From the first tip-off, you could tell the Memphis Grizzlies and Oklahoma City Thunder series would be one of those grind-it-out joints that goes the distance. Game 1 didn’t disappoint. Two postseasons ago, these squads went seven games, and Game 1 went down to the final possession, giving us another Durant highlight finish.
After Derek Fisher poked the ball out of Mike Conley’s hands as he penetrated the lane, Durant raced down the floor and Brooks didn’t even waste time reining him in. Durant dribbled just inside the arc, pulled up, elevated and drilled a picturesque jumper to give the Thunder a one-point lead with 11 seconds remaining.
On the ensuing possession, Marc Gasol received the ball on the wing, but was so closely guarded that he had to look for a teammate to dump it off on. Instead, he bailed out by throwing an ill-advised pass to Conley that was deflected by Thabo Sefolosha and gave the possession back to the Thunder.
This isn’t the first time that the Grizzlies have been slashed by killer closers. In Game 2 of their first round series, Chris Paul singlehandedly put the Grizzlies defense in a blender and banked home a buzzer-beater to give the Clippers a 2-0 series lead.
Memphis’ frontcourt size makes the Thunder’s first round opponents look prepubescent, but they differ from Houston (and Oklahoma City) with their lack of a crunch-time perimeter finisher.

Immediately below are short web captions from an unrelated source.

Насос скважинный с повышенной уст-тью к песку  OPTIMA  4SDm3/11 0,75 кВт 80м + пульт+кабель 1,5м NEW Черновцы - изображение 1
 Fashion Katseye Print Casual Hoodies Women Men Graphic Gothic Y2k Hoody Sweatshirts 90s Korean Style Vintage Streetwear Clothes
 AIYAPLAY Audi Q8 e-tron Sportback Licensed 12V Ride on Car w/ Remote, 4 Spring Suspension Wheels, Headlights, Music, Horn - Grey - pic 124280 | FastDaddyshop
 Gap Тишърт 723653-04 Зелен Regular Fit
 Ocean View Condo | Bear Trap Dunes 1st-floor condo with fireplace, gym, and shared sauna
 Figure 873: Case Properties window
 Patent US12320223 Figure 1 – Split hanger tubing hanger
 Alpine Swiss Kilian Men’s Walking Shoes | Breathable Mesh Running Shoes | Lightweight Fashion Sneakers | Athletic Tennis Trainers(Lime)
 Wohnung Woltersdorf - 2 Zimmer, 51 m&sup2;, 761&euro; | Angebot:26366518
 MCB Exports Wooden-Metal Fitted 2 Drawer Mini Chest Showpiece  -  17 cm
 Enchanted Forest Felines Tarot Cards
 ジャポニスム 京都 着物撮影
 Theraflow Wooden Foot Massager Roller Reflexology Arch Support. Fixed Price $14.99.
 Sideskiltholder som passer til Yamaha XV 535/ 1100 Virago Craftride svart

The Grizzlies have traded punches with the Thunder before, and there have been lingering concerns about where they’d find points in late-game situations when the defenses are tighter and the post gets bogged down.
Even the ‘04 Pistons, the golden standard of blue-collar squads, had “Mr. Big Shot” Chauncey Billups. Game 1’s sloppy offensive finish was a glaring example of Memphis’ lack of a top shelf closer.
The Grizzlies have some bite in the post. Zach Randolph and Gasol mauled Kendrick Perkins and Serge Ibaka down in the mud, but they can be neutralized by simply doubling down in the post. They lack a silky clean perimeter scorer that can create space and drop buckets like stones in a pond when the situation arises. In the absence of Rudy Gay, Mike Conley took more of those shots in the regular season, but he’s never done it in the playoffs.
Even with Russell Westbrook as a spectator, the Thunder don’t have that problem. When the clock’s winding down, and the other nine guys on the floor tighten up, Oklahoma City knows who’s getting the kill shot. The Grizzlies are masters of efficiency, but they lack a finisher on Durant’s level.
Durant finally appears comfortable as Oklahoma City’s solo star. Scott Brooks won’t devise awe-inspiring pick-and-rolls and cutters on his clipboard. The Thunder’s final possessions are gonna be as basic as a Catholic school dress code. Give Durant the ball and let him find the nylon.
After Memphis took a commanding lead in the fourth, Durant flipped the switch and became their cold-blooded executioner.
In the final 3:46, Durant scored eight of the Thunder’s final 11 points. The Grizzlies scoring-by-committee attack worked for the first 39 minutes, but this series features the type of hotly-contested games that won’t be decided until the postgame press conference.
Gasol gave the Grizzlies a three-point lead with 1:07 remaining, but that was the last basket they’d score for another minute. Meanwhile, Durant had the Grizzlies tugging on a leash, but he was in control the entire time. In the final minute, he put them down.